§ **EXERCISE INSTRUCTIONS**: Between the line containing "Calvin Klein Uomo" and the line containing "Tempo Növekvő íróasztal, tölgy/fehér, KASIOS" lies a run of lines; give that run again exactly, with both of those lines, and nothing else from the entries below.

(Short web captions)
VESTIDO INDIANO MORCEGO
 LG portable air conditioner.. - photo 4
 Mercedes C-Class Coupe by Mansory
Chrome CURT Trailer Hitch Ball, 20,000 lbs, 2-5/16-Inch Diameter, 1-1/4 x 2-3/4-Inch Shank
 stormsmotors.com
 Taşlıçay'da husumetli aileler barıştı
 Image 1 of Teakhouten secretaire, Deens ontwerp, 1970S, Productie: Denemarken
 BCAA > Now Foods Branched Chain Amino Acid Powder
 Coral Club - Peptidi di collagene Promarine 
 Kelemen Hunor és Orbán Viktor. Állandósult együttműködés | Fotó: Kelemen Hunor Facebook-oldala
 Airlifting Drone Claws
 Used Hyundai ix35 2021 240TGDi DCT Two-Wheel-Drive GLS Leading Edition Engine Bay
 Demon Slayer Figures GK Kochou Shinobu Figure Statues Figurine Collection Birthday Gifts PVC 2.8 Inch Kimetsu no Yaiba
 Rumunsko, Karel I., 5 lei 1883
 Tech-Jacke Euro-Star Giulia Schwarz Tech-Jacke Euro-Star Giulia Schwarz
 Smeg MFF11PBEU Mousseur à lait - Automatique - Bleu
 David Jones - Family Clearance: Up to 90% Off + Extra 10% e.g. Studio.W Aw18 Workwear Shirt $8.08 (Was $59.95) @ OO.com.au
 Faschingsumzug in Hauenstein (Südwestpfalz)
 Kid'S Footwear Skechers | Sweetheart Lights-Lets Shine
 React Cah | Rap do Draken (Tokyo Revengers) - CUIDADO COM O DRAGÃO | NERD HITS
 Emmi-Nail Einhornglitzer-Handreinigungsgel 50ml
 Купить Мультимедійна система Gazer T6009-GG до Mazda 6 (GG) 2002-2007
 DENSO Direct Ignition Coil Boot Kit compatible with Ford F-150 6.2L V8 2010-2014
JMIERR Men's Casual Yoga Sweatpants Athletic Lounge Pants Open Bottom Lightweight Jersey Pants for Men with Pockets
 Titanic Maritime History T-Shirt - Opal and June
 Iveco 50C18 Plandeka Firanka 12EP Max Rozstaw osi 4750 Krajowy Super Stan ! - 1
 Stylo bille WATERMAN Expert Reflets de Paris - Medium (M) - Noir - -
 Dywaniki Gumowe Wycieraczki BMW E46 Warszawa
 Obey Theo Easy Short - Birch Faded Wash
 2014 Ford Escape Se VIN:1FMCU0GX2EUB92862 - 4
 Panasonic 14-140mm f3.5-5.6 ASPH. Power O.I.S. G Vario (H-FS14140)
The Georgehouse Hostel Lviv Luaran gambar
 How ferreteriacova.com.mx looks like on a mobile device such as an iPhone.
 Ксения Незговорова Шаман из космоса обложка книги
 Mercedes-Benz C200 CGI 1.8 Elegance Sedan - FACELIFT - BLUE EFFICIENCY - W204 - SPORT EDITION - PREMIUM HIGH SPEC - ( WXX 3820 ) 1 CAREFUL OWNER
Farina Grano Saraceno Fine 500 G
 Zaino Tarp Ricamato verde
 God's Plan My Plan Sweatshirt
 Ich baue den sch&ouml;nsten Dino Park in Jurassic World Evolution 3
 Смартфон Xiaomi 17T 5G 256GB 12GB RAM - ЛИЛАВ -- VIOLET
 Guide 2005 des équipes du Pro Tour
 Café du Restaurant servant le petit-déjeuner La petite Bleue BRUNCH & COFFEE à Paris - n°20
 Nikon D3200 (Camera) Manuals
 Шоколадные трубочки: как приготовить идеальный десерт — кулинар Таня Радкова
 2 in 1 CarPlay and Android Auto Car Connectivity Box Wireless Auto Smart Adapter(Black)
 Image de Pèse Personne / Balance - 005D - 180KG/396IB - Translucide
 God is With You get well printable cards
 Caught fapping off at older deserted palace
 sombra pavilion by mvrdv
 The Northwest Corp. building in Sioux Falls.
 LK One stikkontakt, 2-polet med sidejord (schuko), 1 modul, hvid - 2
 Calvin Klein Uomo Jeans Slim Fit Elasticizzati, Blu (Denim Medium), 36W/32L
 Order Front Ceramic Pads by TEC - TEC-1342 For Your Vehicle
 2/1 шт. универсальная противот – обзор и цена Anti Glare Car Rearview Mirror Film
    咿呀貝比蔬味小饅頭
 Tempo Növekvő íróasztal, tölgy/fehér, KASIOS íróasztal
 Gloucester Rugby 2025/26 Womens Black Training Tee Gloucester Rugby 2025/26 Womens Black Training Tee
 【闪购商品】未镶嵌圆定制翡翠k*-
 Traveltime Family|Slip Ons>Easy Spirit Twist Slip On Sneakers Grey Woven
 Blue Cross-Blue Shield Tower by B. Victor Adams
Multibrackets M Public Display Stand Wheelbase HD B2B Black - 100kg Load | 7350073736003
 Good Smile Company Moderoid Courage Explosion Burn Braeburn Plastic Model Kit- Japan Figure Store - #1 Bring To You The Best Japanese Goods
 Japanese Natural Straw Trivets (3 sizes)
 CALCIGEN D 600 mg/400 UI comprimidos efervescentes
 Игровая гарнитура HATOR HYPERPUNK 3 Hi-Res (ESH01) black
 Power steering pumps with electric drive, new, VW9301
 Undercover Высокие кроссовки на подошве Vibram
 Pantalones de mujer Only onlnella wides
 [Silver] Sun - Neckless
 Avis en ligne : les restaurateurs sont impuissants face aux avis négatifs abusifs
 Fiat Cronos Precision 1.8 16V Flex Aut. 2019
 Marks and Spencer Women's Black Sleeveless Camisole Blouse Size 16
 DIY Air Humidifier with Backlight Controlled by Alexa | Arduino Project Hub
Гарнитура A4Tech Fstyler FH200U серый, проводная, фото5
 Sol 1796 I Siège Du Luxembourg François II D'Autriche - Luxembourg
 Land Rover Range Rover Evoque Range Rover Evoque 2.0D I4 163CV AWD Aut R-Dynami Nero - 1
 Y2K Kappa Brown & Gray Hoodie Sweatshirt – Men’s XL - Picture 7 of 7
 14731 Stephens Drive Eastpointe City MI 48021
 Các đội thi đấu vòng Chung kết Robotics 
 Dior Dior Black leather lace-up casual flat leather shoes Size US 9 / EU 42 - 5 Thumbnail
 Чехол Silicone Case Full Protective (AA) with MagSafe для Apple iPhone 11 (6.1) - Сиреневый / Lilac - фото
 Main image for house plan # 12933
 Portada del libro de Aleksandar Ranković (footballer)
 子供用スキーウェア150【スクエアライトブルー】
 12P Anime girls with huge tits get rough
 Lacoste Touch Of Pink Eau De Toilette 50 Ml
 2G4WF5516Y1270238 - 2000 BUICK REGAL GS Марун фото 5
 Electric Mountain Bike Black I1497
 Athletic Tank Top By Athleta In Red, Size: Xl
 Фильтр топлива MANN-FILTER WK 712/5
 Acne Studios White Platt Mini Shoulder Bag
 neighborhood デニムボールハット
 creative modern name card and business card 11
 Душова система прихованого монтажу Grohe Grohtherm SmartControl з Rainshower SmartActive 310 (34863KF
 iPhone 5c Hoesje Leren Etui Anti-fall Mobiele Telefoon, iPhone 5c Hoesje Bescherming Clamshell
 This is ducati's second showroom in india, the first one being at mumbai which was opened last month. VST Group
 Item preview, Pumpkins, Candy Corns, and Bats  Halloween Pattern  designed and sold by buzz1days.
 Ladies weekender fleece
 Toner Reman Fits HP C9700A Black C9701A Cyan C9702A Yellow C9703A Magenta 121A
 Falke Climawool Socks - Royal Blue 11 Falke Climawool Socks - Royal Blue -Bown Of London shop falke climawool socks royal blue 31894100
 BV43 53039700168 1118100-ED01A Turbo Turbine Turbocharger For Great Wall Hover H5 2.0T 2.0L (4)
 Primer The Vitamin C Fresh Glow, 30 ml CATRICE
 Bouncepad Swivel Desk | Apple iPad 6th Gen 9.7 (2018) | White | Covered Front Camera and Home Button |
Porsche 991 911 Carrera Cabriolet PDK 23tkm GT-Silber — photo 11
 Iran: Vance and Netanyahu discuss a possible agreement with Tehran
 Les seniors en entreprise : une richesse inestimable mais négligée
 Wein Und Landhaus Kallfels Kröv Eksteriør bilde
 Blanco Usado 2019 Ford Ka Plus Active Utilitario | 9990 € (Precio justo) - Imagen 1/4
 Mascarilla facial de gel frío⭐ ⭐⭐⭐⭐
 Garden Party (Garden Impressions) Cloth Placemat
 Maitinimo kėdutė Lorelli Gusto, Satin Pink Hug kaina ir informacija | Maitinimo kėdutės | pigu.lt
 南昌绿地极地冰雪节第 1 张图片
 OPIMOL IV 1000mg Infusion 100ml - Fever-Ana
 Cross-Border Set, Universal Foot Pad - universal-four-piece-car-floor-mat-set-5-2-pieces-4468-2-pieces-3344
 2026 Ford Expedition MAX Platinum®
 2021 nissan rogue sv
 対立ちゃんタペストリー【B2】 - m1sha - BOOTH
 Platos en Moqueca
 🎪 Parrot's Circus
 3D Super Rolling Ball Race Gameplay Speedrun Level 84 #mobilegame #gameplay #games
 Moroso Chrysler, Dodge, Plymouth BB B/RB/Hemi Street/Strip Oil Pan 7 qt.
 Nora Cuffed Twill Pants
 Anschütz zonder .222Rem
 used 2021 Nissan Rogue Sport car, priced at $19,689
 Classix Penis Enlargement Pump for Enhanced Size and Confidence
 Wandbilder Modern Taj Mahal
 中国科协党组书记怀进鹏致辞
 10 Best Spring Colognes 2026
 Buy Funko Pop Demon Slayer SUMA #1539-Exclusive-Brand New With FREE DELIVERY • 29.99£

§ **WRITTEN SOLUTION**:
 Calvin Klein Uomo Jeans Slim Fit Elasticizzati, Blu (Denim Medium), 36W/32L
 Order Front Ceramic Pads by TEC - TEC-1342 For Your Vehicle
 2/1 шт. универсальная противот – обзор и цена Anti Glare Car Rearview Mirror Film
    咿呀貝比蔬味小饅頭
 Tempo Növekvő íróasztal, tölgy/fehér, KASIOS íróasztal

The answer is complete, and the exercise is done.